Bobby Bradford & Stanley Crouch | @ The Little Big Horn | April 24, 1977 | Photo by Mark Weber
Richard Rehwald & Bobby Bradford | @ The Little Big Horn | October 28, 1976 | Photo by Mark Weber
Richard Rehwald, bass; Jimmy Robertson, flute; Bobby Bradford, cornet | October 28, 1976 | Photo by Mark Weber
Mark: What blues players were around then? I know that Victoria Spivey lived and worked in North Dallas, she recorded Black Snake Moan in 1927.
Bobby: Well the Black part of North Dallas was a notorious cut-throat get-killed area. But I’m not familiar enough with her music to say, other than what’s on her records. I did hear Lightnin’ Hopkins a lot when I was a kid there in Dallas, although he spent most of his time in Houston. And there were the Johnson brothers in Dallas – Keg Johnson, the old man who just died recently who played trombone in a lot of big bands, and Budd Johnson, the tenor player who played with Billy Eckstine’s big band and used to write for Count Basie and a lot of other people. There was Red Garland, the pianist with Miles. And a tenor player named Warren Lucky who used to be with Gillespie. Hot Lips Page, T-Bone Walker and a lot of other people used to hang out in Dallas a lot, like Lloyd Glenn, Lowell Fulsom, and a lot of the blues bands that I used to play with back in those days I met in Dallas, guys like Percy Mayfield, and Charles Brown. I played with him in ’53, somewhere around then. Monk Montgomery was in that band, you know Wes Montgomery’s brother. I played with PeeWee Crayton during that time. And remember there was a tune during the war period that was real popular, The Hucklebuck recorded by Joe Liggins, and he had a brother in the business, not quite so popular named Jimmy Liggins and I played in his band once. They were passing through town and needed a trumpet player so I played a couple of jobs with him. You know sometimes you might play with bands just a couple of times and forget all about it until somebody mentions it, like Joe Houston who recorded Pachuco Hop, I played with him around California.

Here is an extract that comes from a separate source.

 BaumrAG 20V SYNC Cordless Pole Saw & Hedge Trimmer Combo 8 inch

Mark: He was a bar walker, wasn’t he?
Bobby: Oh yeah, honker, screamer, a good tenor player though. A lot of kids peeped some things from him. Do you know this tenor player Big Jay McNeely? He did the bar walking and the squealing too but he could play the saxophone. Lots of cats ripped off Big Jay’s licks, believe it! You know, somebody like Bill Haley, I’m sure he ripped off a lot of things from Big Jay.
Mark: When you first came to L. A. in ’53 you played with all kinds of people.

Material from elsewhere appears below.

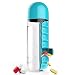 Produktbild Pillendose mit Wasserflasche für Senioren und Besondere Menschen, Blau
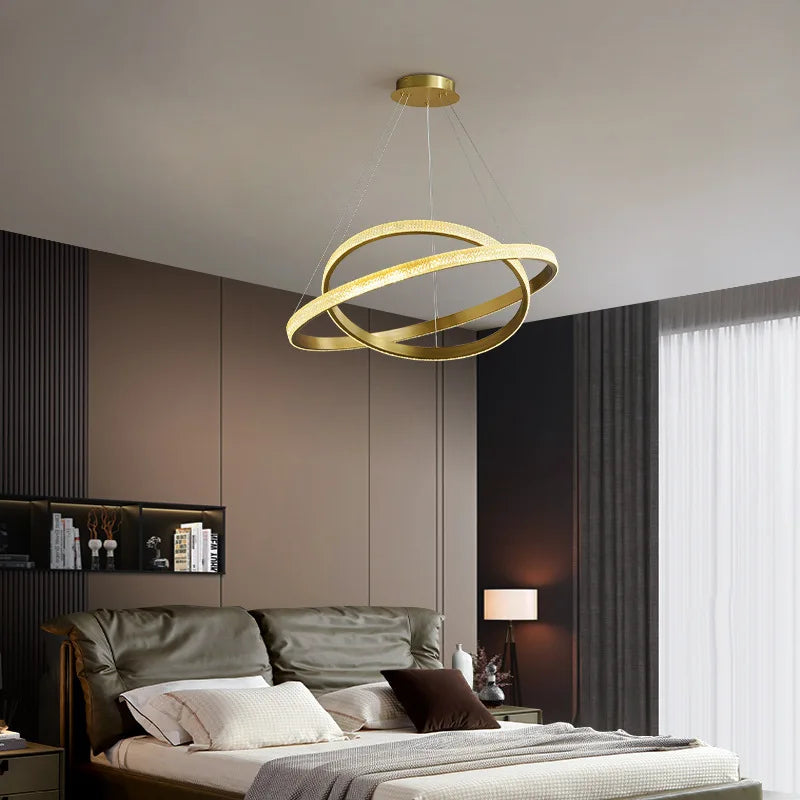 Afralia™ LED Chandelier: Modern Minimalist Pendant Lighting for Home Living Dining Kitchen Bedroom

Bobby: Oh yeah, all the cats. Eric Dolphy, but not on a regular basis, just casual jobs. Dolphy had just gotten out of the army, and Walter Benton, a tenor player here who was big friends with Eric, they went to high school together, I played with those two a lot. Eric in those days was still playing kind of like Charlie Parker, he never quite had a sound like Parker but he was playing the Parker line, you know. Walter Benton was playing kind of like you would imagine, sort of an updated Lucky Thompson/Coleman Hawkins. And I played with Ornette obviously. And played around town with Joe Maini, the saxophone player who got killed playing with a pistol, some sort of accident or something, an Italian cat from New York. And I played some with Herb Geller, he’s in Germany now and has his own club. Both of those cats Maini and Geller recorded with Clifford Brown. There used to be a club down at 3rd and Main called The Tip Top, sort of a gay bar, and we played there Friday and Saturday nights. Sunday at 6:00 in the morning was a jam session and it would be packed, that was sort of the red light district in those days. Nobody would go to bed that night, we’d go out to the beach and fool around, because if you went to bed you would never get up for that. Then we’d play to around 11:30 -12:00 and then go home to bed.

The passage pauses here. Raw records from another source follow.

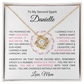 To My Daughter(s) — Beautiful Love Knot Necklace & PERSONALIZED Heartwarming Message from Mom (Only, First-Born, Second, Third, Fourth, Fifth, or Twins)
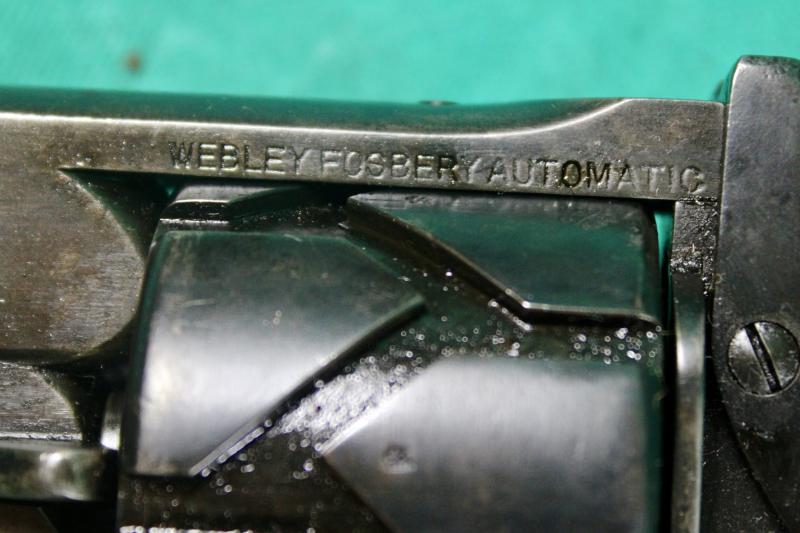 British Webley Fosebery Automatic Revolver ( Pre-EU/UK Deactivation )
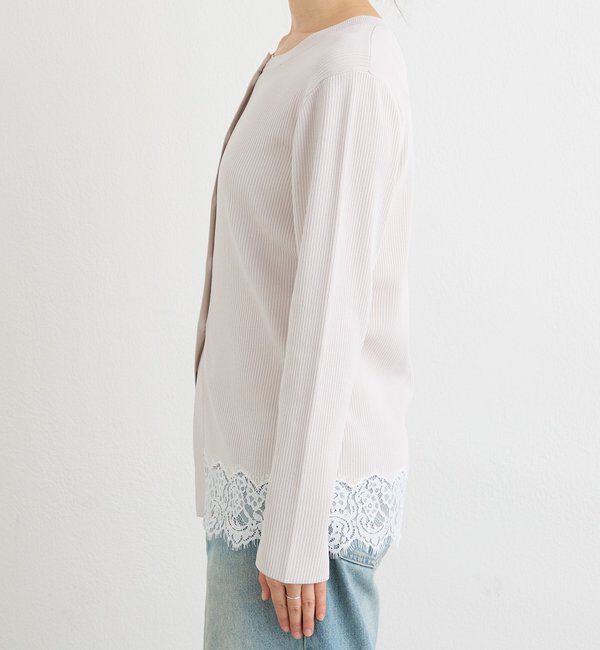  「【鮮度抜群】レーストリムカーディガン」|カーディガン|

As I remember Ornette never played there, but Ornette and I used to play in the general area, down on 5th Street which was a gay area too and everything else, dope peddlers, prostitutes, everything but more Black than 3rd and Main. We used to play at a little club down there called The Victory Grill, and another The Rose Room. Ornette, me, Eddie Black-well, and a piano player named Floyd Howard who’s still around L.A. but I don’t think is playing anymore. We played Ornette’s tunes and some jazz standards. We didn’t get that much work but we were playing often enough to be playing some of Ornette’s tunes. Then I went into the service in December of ’54 and Don Cherry became the trumpet player with Ornette.
Bobby Bradford with KPFK disk jockey’s Paul Vangelisti and John Breckow | January 14, 1977 | Photo by Mark Weber
John Carter & Bobby Bradford | November 17, 1978 | Smudge Pot, Claremont Colleges, California | Photo by Mark Weber
Bobby Bradford, cornet; Mark Dresser, bass; James Newton, flute | @ The Little Big Horn | January 2, 1977 | Photo by Mark Weber
Mark: That’s when Ornette lived at the Morris, a sort of skid-row hotel on 5th Avenue?
Bobby: Now I don’t know about that, but you know how the stories come and go. As I remember it, when Ornette moved out here he married a young girl from Los Angeles who’s a poet in New York now, Jayne Cortez, that’s Ornette’s ex-wife. But I remember Ornette living with his in-laws. I don’t remember him living in any flophouse down on 5th Avenue. You know musicians get down and out on this stuff but you’re not going to see Ornette down in some place needing a bath, I don’t care how hard times get you’re not going to see me down in the street with my pants on and the ass out, one shoe on and needing a hair cut, no none of that. You might see some cat going through a mental phase but you’re not going to see Ornette needing a bath, you know what I mean? Somebody might read that somewhere and just assume that all of that might be happening. I remember when Ornette got married I was the only one of our bunch who had a car, one that my step-father had got me because he was a mechanic. An old ’41 Chrysler, lemon of a car.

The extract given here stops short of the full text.